You'll also recall the Network tried in year one to maximize exposure and expand the audience outside of the footprint but the Pac12 schools (cali especially) complained to Scott&co about start times specifically early weekday starts, too early and too late starts for football and hoops. So as the technical owners of the network the schools forced restructured schedules on the pac-nets because of the negative effects from that first year scheduling on attendance and student athletes lives. The other thing is the western footprint is so much less saturated than the southeast for CFB that there is way more to gain/lose in footprint so the focus for now is there. Ostensibly the Pac12 isnt going to put a game in a time slot say 4 or 5pst on a weekday that cuts attendance by 20% and drops the in footprint ratings by 30% to pick up out of footprint households because they'll lose far more in footprint viewers than they gain outside of the footprint.

Wrong. It's 39,773,359 to 38,340,000. 5 of the 6 states you mention are also growing at a faster rate than CA.

Wrong. Being discussed long before I made that post, despite teets attempts to move the goalposts and discuss only southern states bordering the Atlantic.
 
Wrong. It's 39,773,359 to 38,340,000. 5 of the 6 states you mention are also growing at a faster rate than CA.

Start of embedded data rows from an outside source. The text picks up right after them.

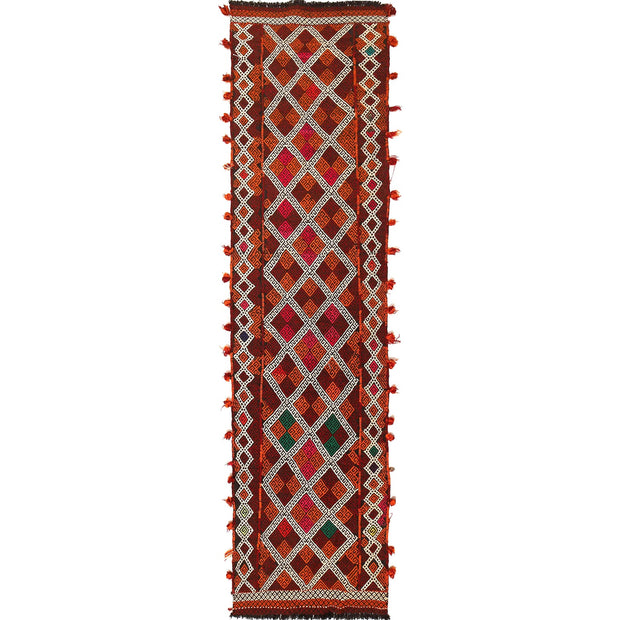 Hand Woven Flat Weave Kilim Runner 2' 5" x 10' 0" - No. AL12803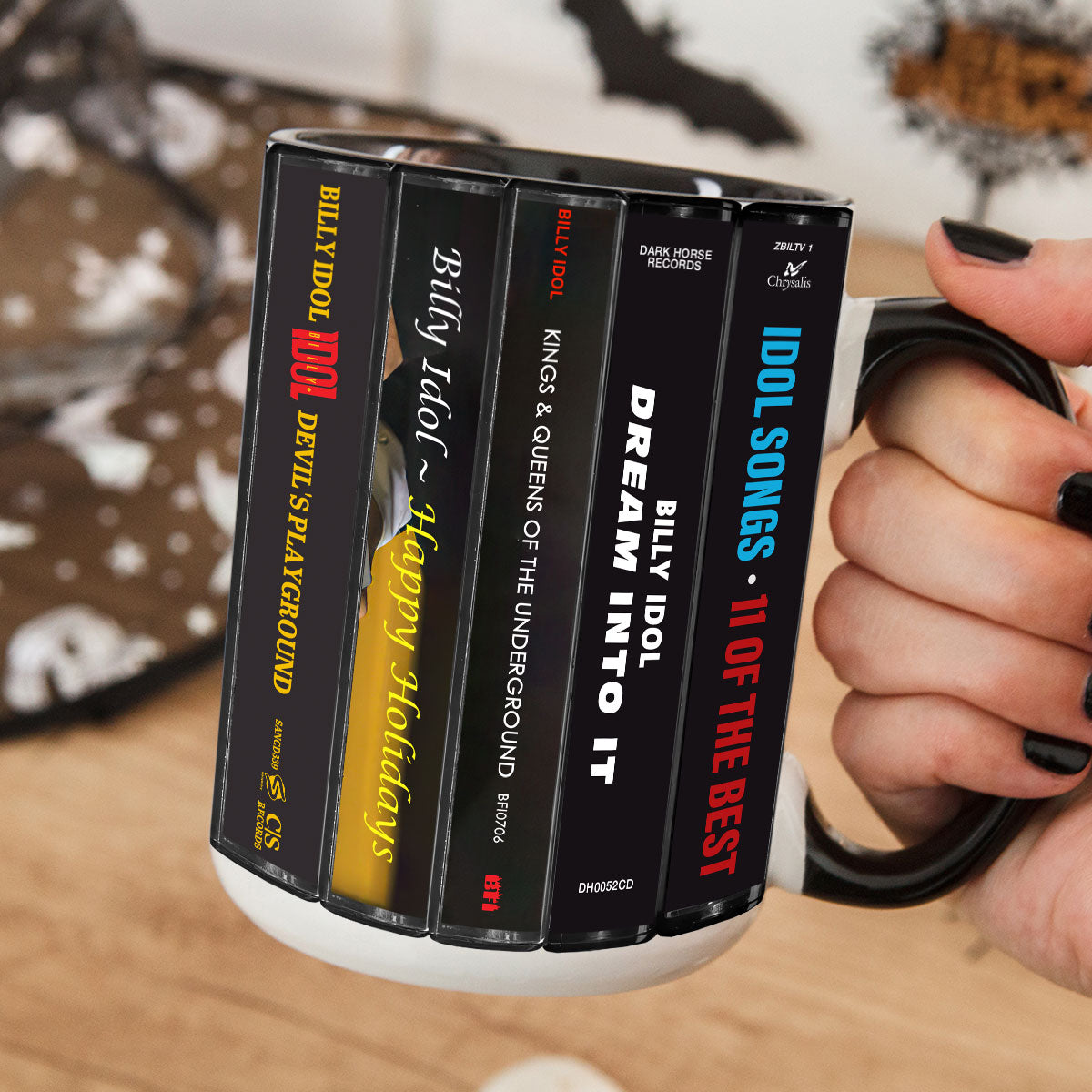 Billy Idol Albums Cassette Collection Retro Accent Mug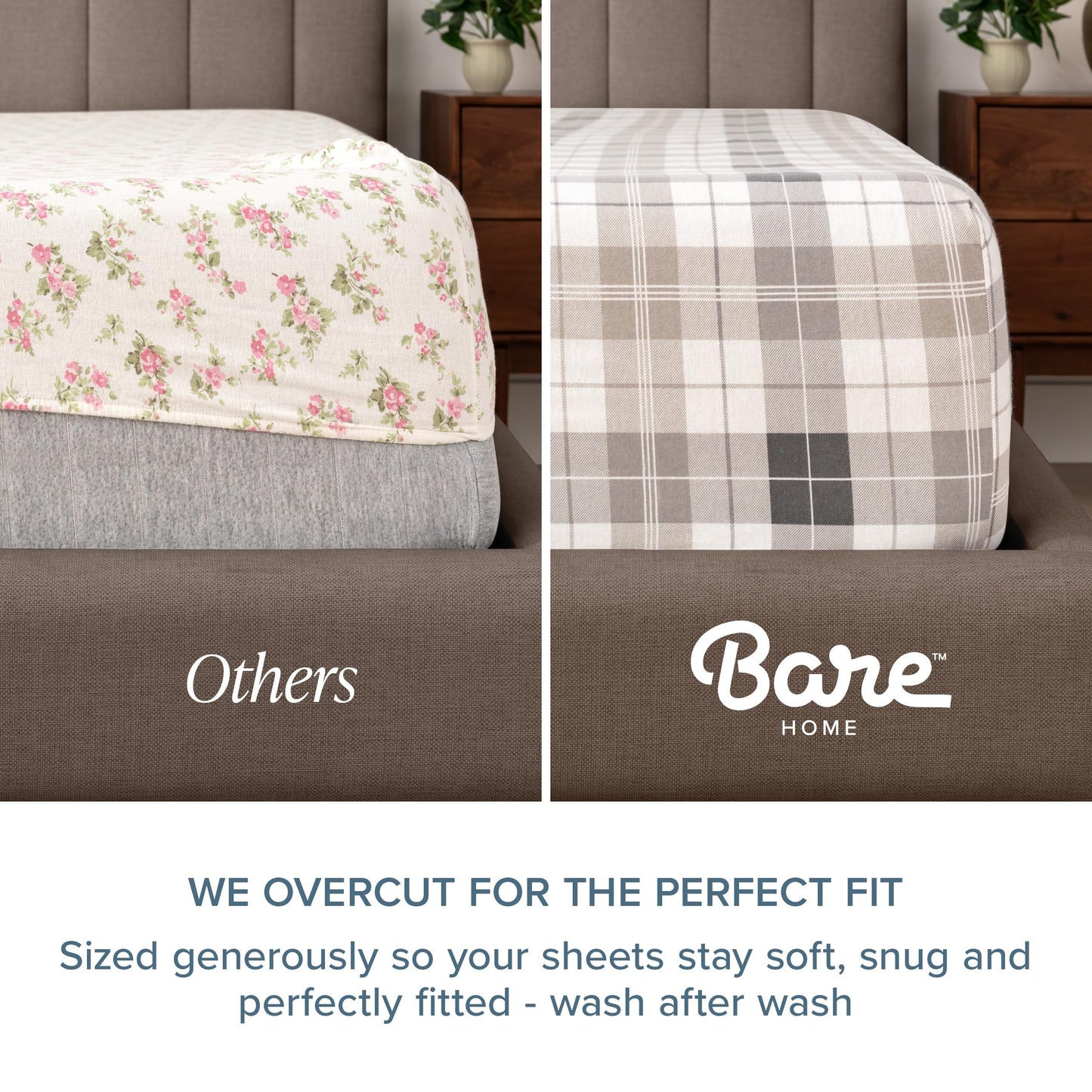 Bare Home Flannel Sheet Set Prints, 100% Cotton, Velvety Soft Heavyweight - Double Brushed Flannel for Extra Softness & Comfort - Deep Pocket - Bed Sheets (Queen, Tartan Plaid)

Wrong. Being discussed long before I made that post, despite teets attempts to move the goalposts and discuss only southern states bordering the Atlantic.

Apologies for being slightly off on the CA totals I was rounding while wrangling a 2 year old, you are right those states combined are roughly 5% larger than CA. Point still stands that California and saturating the home market is more valuable than trying to triple our exposure on the east coast because the home market has much more room for growth, getting 20% in our footprint would dwarf any gains we can get out east. Especially because gains in other timezones will come at some expense to the home market.

"Growth rate" is a red herring because of the size of CA, DE grew at 3.1% to CA's 2.9 for DE that meant 28,000 people for Calif it meant ~1,080 million Since 2010 Growth in those 6 eastern states was roughly the same 1.06 to 1.07 million (eyeball rounded).
 
As for timezone I goolged population of EST as 141 million which I took against the total population of 316 million, granted again an estimate.